Applying to MCIT
I enrolled in the University of Pennsylvania’s online Master of Computer and Information Technology program in Spring 2021 and since then, a number of people have reached out to ask me about applying to MCIT. Since most potential applicants have the same questions and I find myself repeating the same answers, I figured I might as well put my thoughts all in one place.
If you are at all serious about applying to MCIT Online, you need to read the Penn Engineering Online FAQs. Please.
I understand if you have questions or doubts because you come from a different school system and need advice on recommenders, writing your personal statement, taking the GRE, or anything of the sort. I understand if you want to hear a student’s perspective on some of the official recommendations that the program makes. I do my best to be helpful. But if your question can be answered by a quick Google and a little bit of research, I’m going to doubt whether you’ve considered the commitment you are about to make.
All opinions are my own, and do not reflect those of the MCIT program. I’m just a student who applied, got admitted, and enrolled. I don’t have a privileged view inside the admissions committee.
What qualities does MCIT look for?
Here is the official answer from MCIT program director Dr. Tom Farmer: 5 Tips to Strengthen Your MCIT Online Application from the Program Director.
- Demonstrate quantitative ability.
- Make the most of your personal statement.
- Showcase your experience with online learning.
- Choose three solid recommenders if possible.
- Consider taking a CS course or two.
Let’s go over this one point at a time.
Evidence of quantitative ability
Your application should have either a previous degree in maths, physics, engineering, or with a similarly heavy quantitative component, or a high quant score on the GRE. MCIT Online does not publish GRE statistics, but the on-campus MCIT program does.
For the on-campus Fall 2021 admissions cycle, the average (median? I guess) GRE of admitted students was 162 Verbal, 168 Quantitative, 4.3 Analytical Writing. The number that really matters is the Quant score: 168Q out of a maximum score of 170 is around 92nd percentile. That’s higher than previous years, but honestly not by much: the average Quant score of admitted hovered between 165 and 167 between 2013 and 2020.
See: Do I need to take the GRE?
Compelling personal statement
Tell a story of how a program like MCIT Online fits into your personal and professional goals. Perhaps you’re a career changer moving into software development or data science. Perhaps you work in a tech-adjacent role (product manager, business analyst, legal or public policy in a tech company) and want to understand the tech domain better. Perhaps you are already working in software development or data science and want to fill in knowledge gaps. Heck, maybe you just want to learn.
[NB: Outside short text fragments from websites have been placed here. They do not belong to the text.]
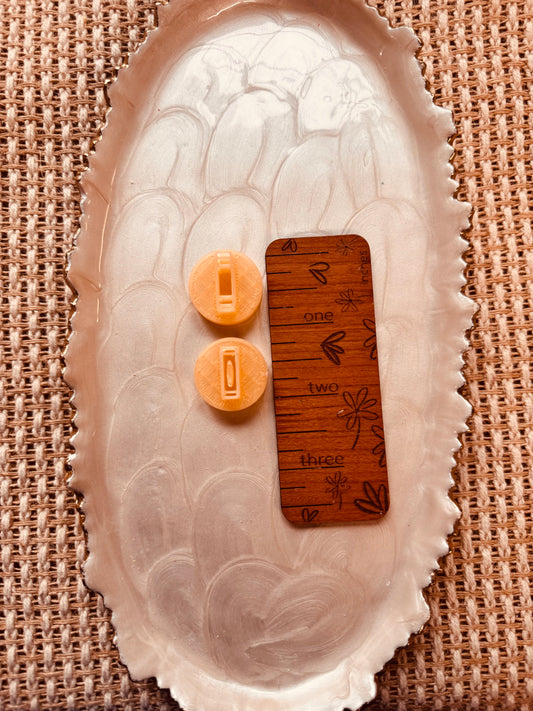 Books Polymer Clay Cutter Set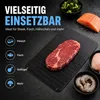 Auftauplatte für Fleisch, schnelle Abtauplatte ohne Strom, Produktbild-Vorschau 5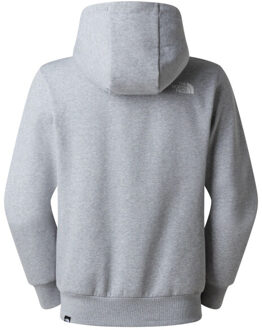 The North Face m simple dome hoodie hoodie heren - - maat L Grijs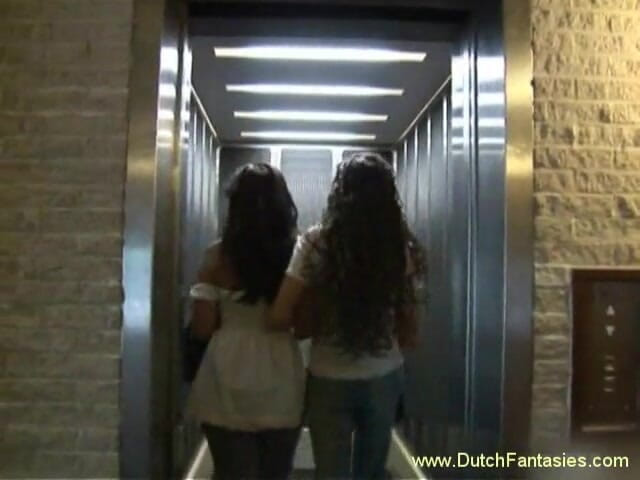 Les Lesbians: Dos hermosas chicas lesbianas se divierten mucho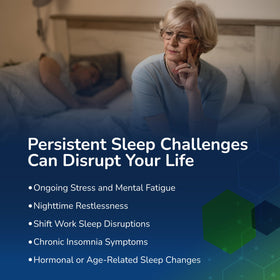 Scientific Health Solutions Melatonin 30mg étiquette de dosage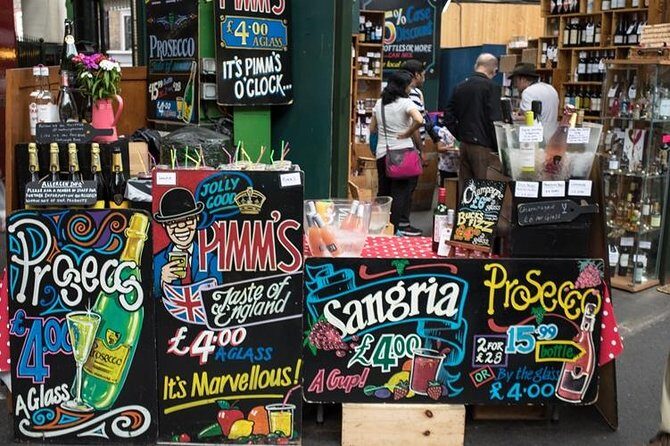 Borough Market & Beefeater Gin Distillery Tour - Summary: A Taste of London’s Spirit and Soul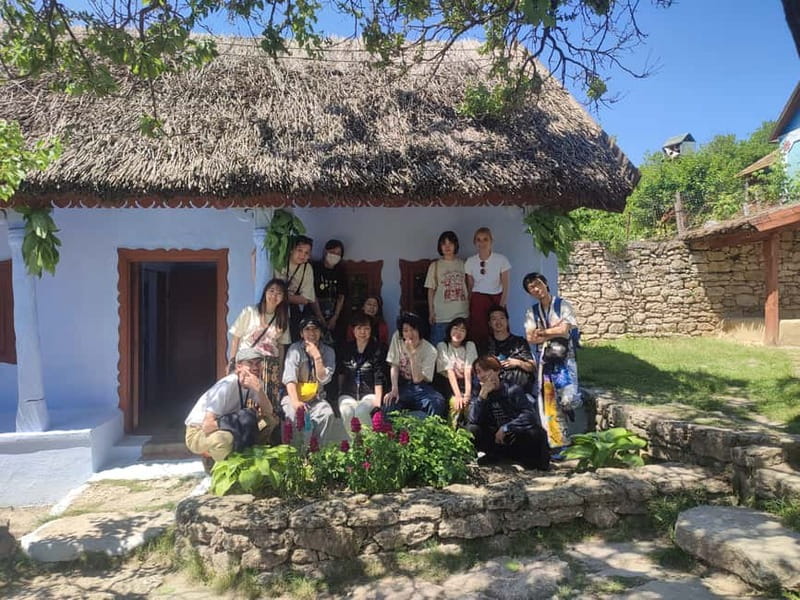 Moldova:Old Orhei Archeological Complex unique cave&Curchi - From Chisinau pickup to Orhei District, how the transport shapes your day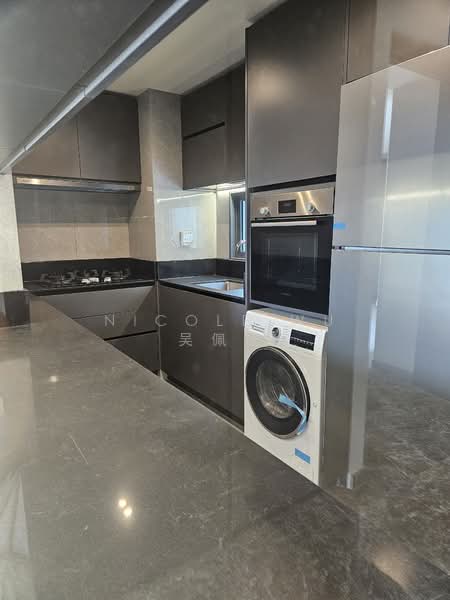 The LINQ @ Beauty World, 118 Upper Bukit Timah Road, 3 Bedrooms, 958 sqft, Condominium For Rent, by Nicole Wu 吴佩瑾, 25614497 - Kitchen - PropertyGuru.com.sg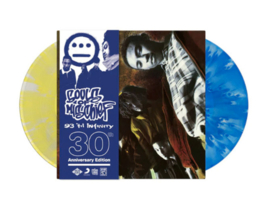 Souls of Mischief 93 'Til Infinity (30th Anniversary Edition) Numbered Limited Edition 2LP (Cloudy Blue & Yellow Vinyl)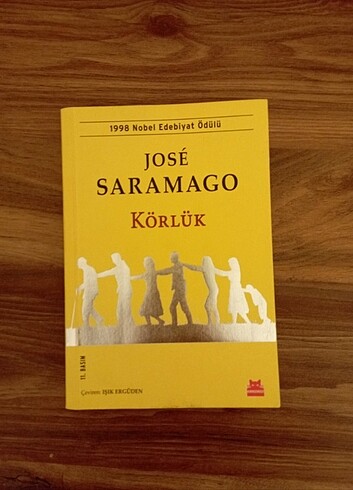 KÖRLÜK - JOSE SARAMAGO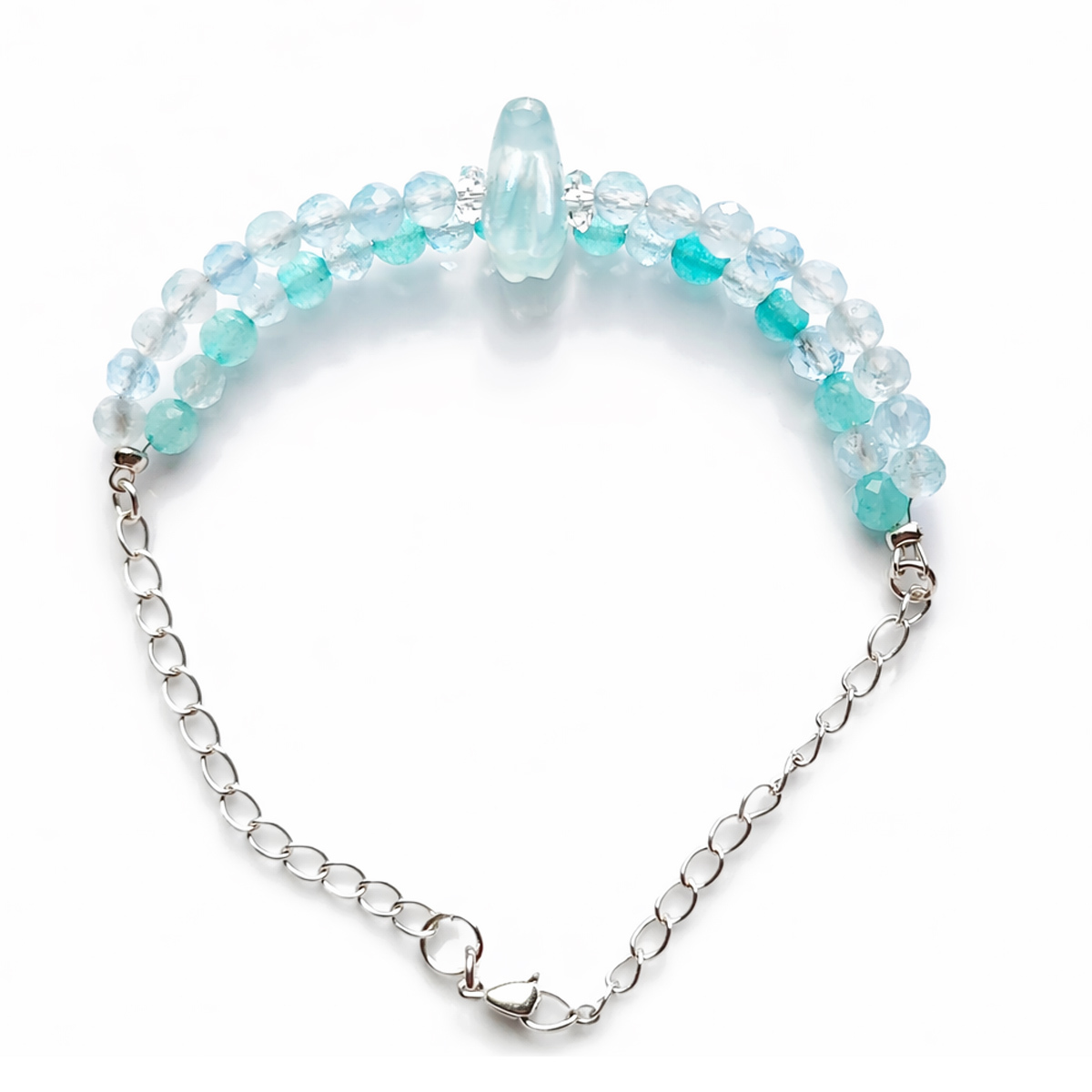 misty-blue-aquamarine-rabbit-bracelet-front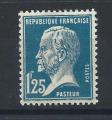 France N180* (MH) 1923/26 - Type Pasteur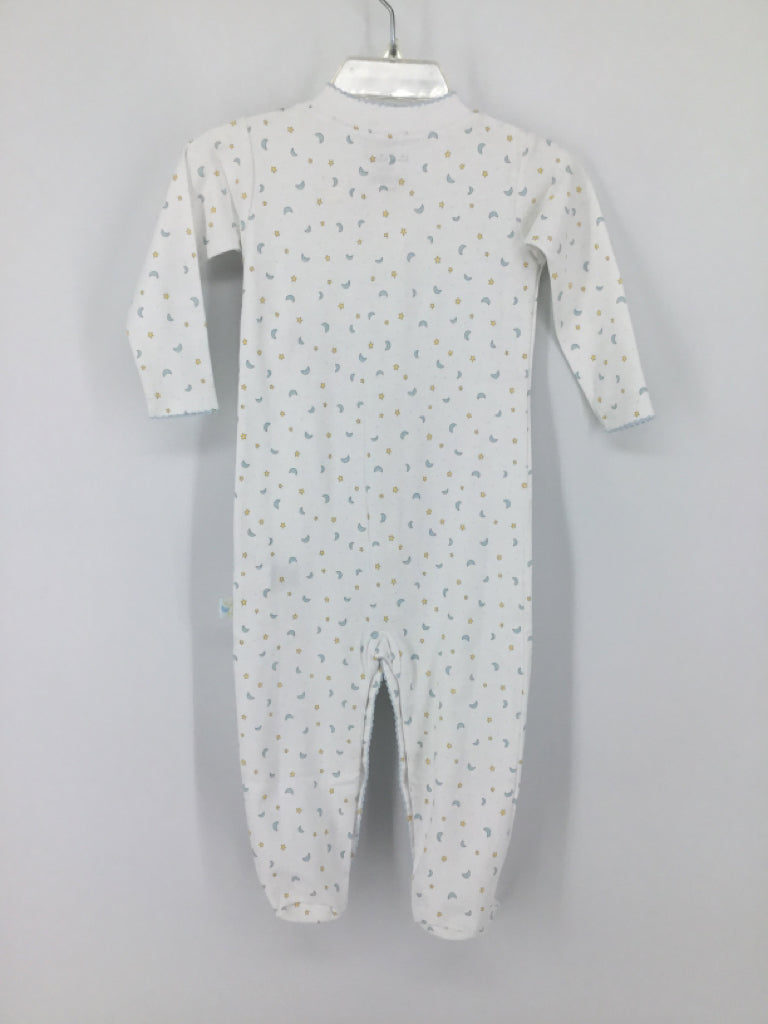 Kissy Kissy Child Size 12-18 Months White Sleepers
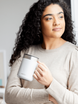 Thermobecher mit Ohr Contigo Streeterville 420 ml - Weiß
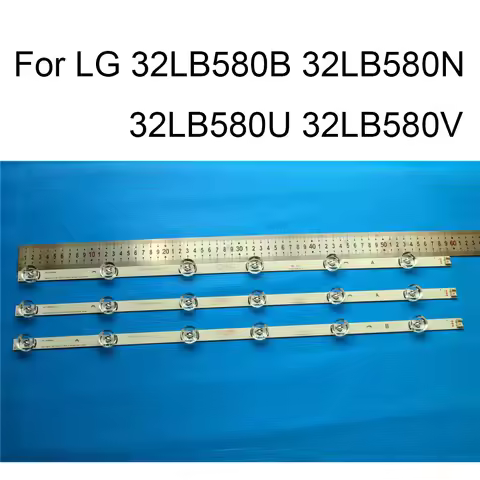 Brand New LED Backlight Strip For LG 32LB580U 32LB580B 32LB580N 32LB580V TV Repair LED Backlight Str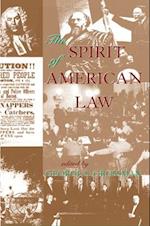 The Spirit Of American Law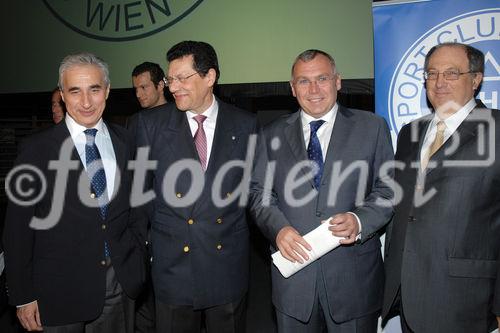 Der Traditionsverein Sport Club HAKOAH Wien kehrt nach beinahe 70 Jahren in den Wiener Prater auf seine ehemalige Heimstätte zurück.
©fotodienst/Nadine Bargad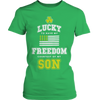 Lucky To Have My Freedom Courtesy Of My Son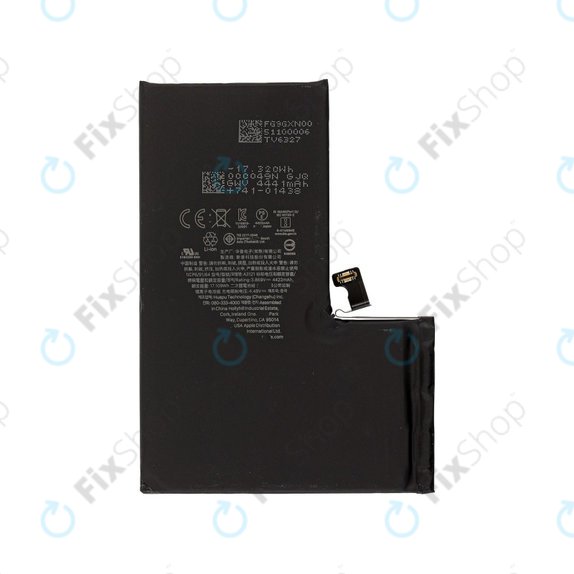 Akku Batterie für iPhone 15 Pro Max, 4422mAh, A3121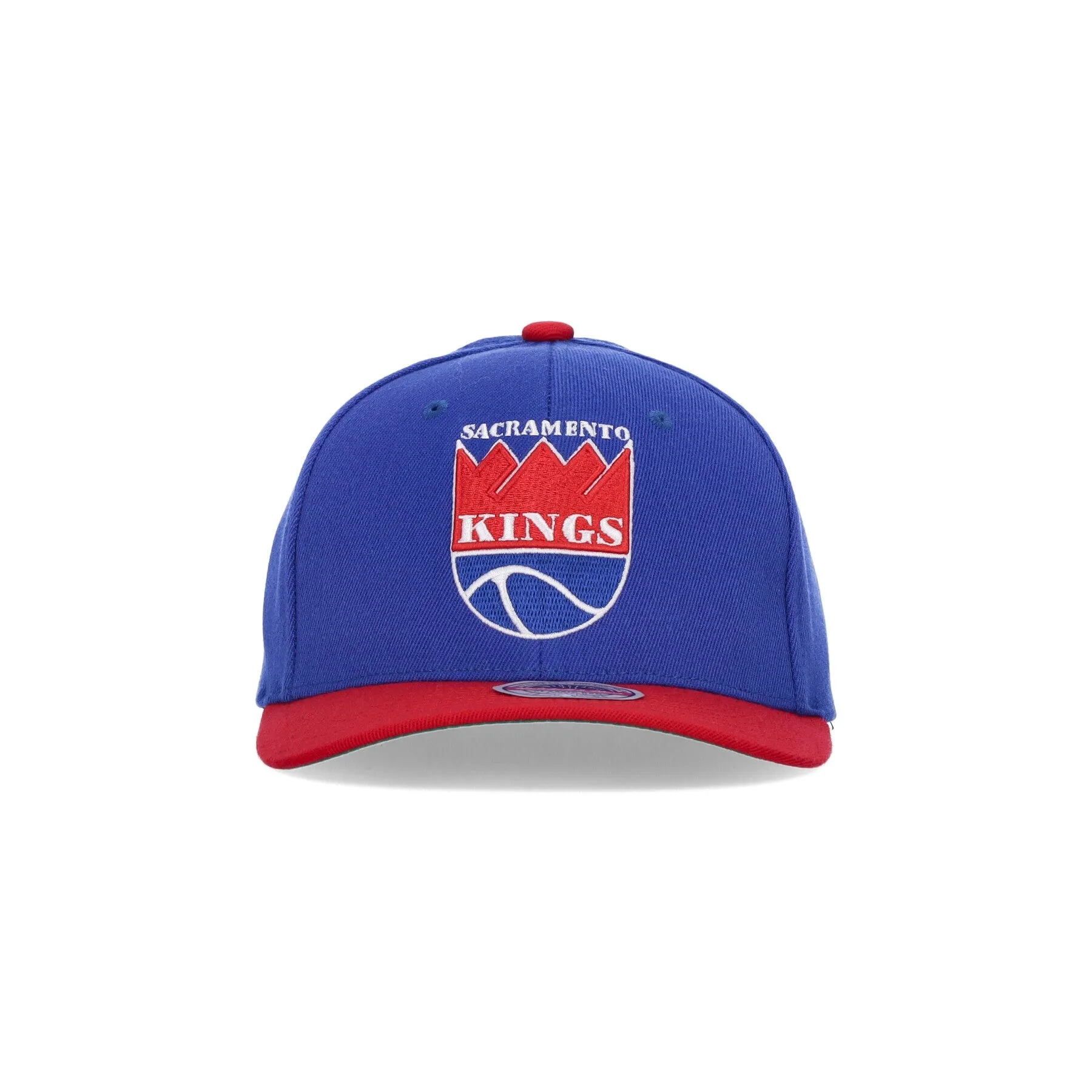 Cappellino Visiera Curva Uomo Nba Team 2 Tone 2.0 Stretch Snapback Hardwood Classics Sackin Original Team Colors
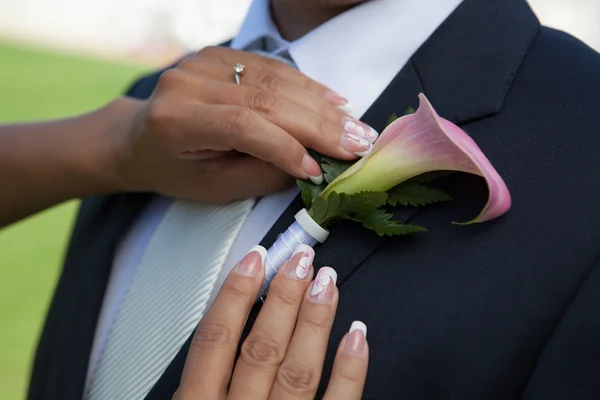 Wedding detail — Stock Photo, Image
If you consider other professional graduate programs such as the MBA, MD, JD, etc. there’s often an implicit requirement that you need to have a certain amount of a certain type of work and/or internship experience. That’s not the case here: MCIT students really do come from all sorts of academic and professional backgrounds. The important thing is that you can weave a story of how studying computer science will fit into your professional life.
Proven ability to learn academically in an online setting
If you’ve done any university-level courses on Coursera, edX, or any online learning platform, you should list them.
If you have not taken any such classes online, I would suggest doing a course like Harvard’s CS50x and getting the verified certificate. It’s useful both for admissions, and for assessing how you will do in an online learning environment.
Obviously the world has changed since MCIT Online was launched, and many students have had to learn online out of necessity. Even so, I think it’s useful to do online asynchronous courses on top of any online classes you may have had as a result of Covid. Instructional design and expectations for a class that’s designed to be online, as opposed to one that had to be moved online at short notice, are going to be different. Online learning favours learners who are independent, self-motivated and who know when and how to proactively ask for help. I think it’s instructive to figure out for yourself if you’re the kind of learner who suffers from the online environment or who benefits from it.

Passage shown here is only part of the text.